Beat Generation

Notable writers of the Beat Generation include (from left): William S. Burroughs, Allen Ginsberg, and Jack Kerouac. All were from the previous generation.

The Beat Generation was a literary subculture movement started by a group of authors whose work explored and influenced American culture and politics in the post-World War II era.[1] The bulk of their work was published and popularized by Silent Generationers in the 1950s, better known as Beatniks. The central elements of Beat culture are the rejection of standard narrative values, making a spiritual quest, the exploration of American and Eastern religions, the rejection of economic materialism, explicit portrayals of the human condition, experimentation with psychedelic drugs, and sexual liberation and exploration.[2][3]

Allen Ginsberg's Howl (1956), William S. Burroughs' Naked Lunch (1959), and Jack Kerouac's On the Road (1957) are among the best-known examples of Beat literature.[4] Both Howl and Naked Lunch were the focus of obscenity trials that ultimately helped to liberalize publishing in the United States.[5][6] The members of the Beat Generation developed a reputation as new bohemian hedonists, who celebrated non-conformity and spontaneous creativity.

The core group of Beat Generation authors—Herbert Huncke, Ginsberg, Burroughs, Lucien Carr, and Kerouac—met in 1944 in and around the Columbia University campus in New York City. Later, in the mid-1950s, the central figures, except Burroughs and Carr, ended up together in San Francisco, where they met and became friends of figures associated with the San Francisco Renaissance.

In the 1950s, a Beatnik subculture formed around the literary movement, although this was often viewed critically by major authors of the Beat movement. In the 1960s, elements of the expanding Beat movement were incorporated into the hippie and larger counterculture movements. Neal Cassady, as the driver for Ken Kesey's bus Furthur, was the primary bridge between these two generations.

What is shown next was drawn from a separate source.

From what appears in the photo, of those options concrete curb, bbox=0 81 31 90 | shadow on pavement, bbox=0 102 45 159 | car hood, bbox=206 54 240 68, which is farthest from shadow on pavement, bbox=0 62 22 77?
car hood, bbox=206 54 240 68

Ginsberg's work also became an integral element of early 1960s hippie culture, in which he actively participated. The hippie culture was practiced primarily by older members of the following generation.

  1. ^ Evans, Mike, The Beats: from Kerouac to Kesey : an illustrated journey through the Beat Generation, Running Press, Introduction
  2. ^ The Beat Generation – Literature Periods & Movements.
  3. ^ Charters, Ann (2001). Beat Down to Your Soul: What was the Beat Generation?. Penguin Books. ISBN 0141001518.
  4. ^ Charters (1992) The Portable Beat Reader.
  5. ^ Ann Charters, introduction, to Beat Down to Your Soul, Penguin Books (2001) ISBN 978-0-14100-151-7 p. xix "[...] the conclusion of the obscenity trial in San Francisco against Lawrence Ferlinghetti for publishing Ginsberg's Howl and Other Poems [...] in which Judge Clayton W. Horn concluded for the defendant that 'Howl' had what he called 'redeeming social content.'", p. xxxiii "After the successful Howl trial, outspoken and subversive literary magazines sprung up like wild mushrooms throughout the United States."
  6. ^ Ted Morgan, Literary Outlaw, New York: Avon, 1988. p. 347, trade paper edition ISBN 0-380-70882-5: "The ruling on Naked Lunch in effect marked the end of literary censorship in the United States."